Task to complete:
Please return only the lines from the one with "ein Wohnzimmer mit" through the final line of the data, unchanged, with pictures omitted.
━━ Information provided
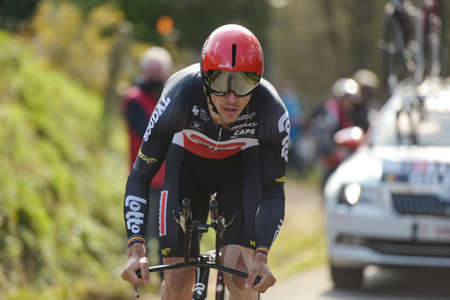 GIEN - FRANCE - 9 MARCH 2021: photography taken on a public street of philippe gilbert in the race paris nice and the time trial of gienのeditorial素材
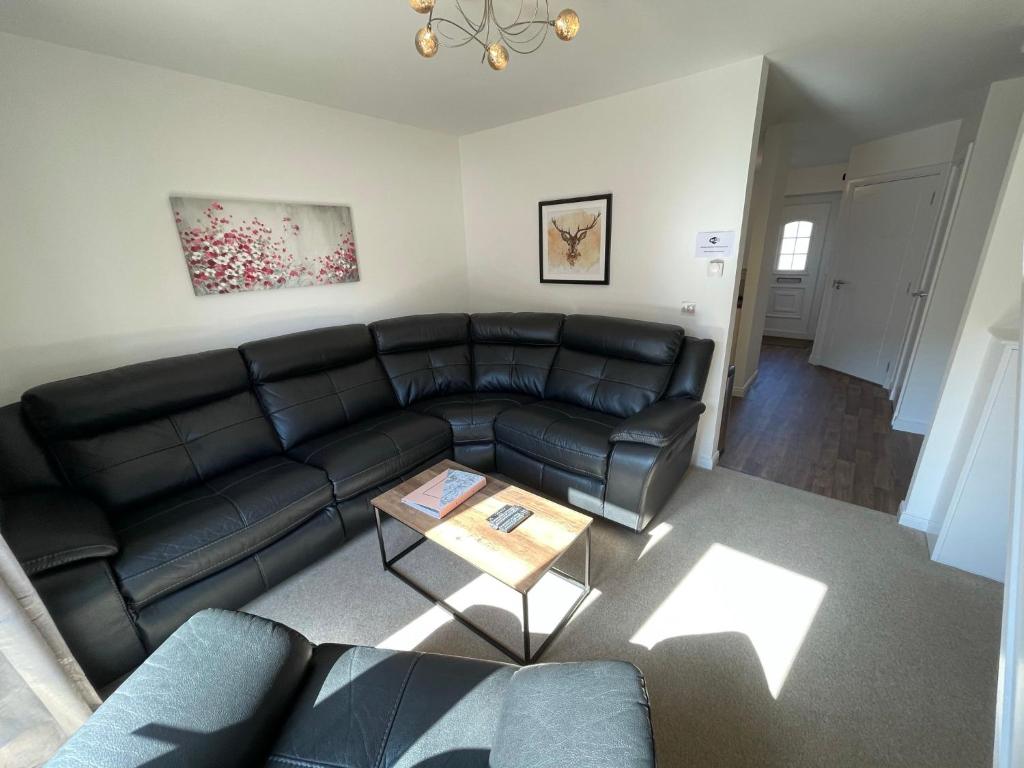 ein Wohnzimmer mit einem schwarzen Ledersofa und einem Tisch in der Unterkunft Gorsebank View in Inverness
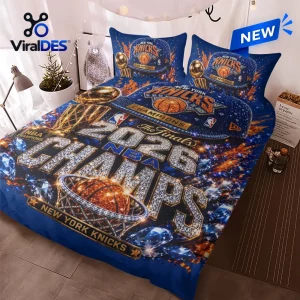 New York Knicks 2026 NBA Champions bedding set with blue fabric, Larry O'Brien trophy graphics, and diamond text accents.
━━━━
Answer area:
 ein Wohnzimmer mit einem schwarzen Ledersofa und einem Tisch in der Unterkunft Gorsebank View in Inverness
 New York Knicks 2026 NBA Champions bedding set with blue fabric, Larry O'Brien trophy graphics, and diamond text accents.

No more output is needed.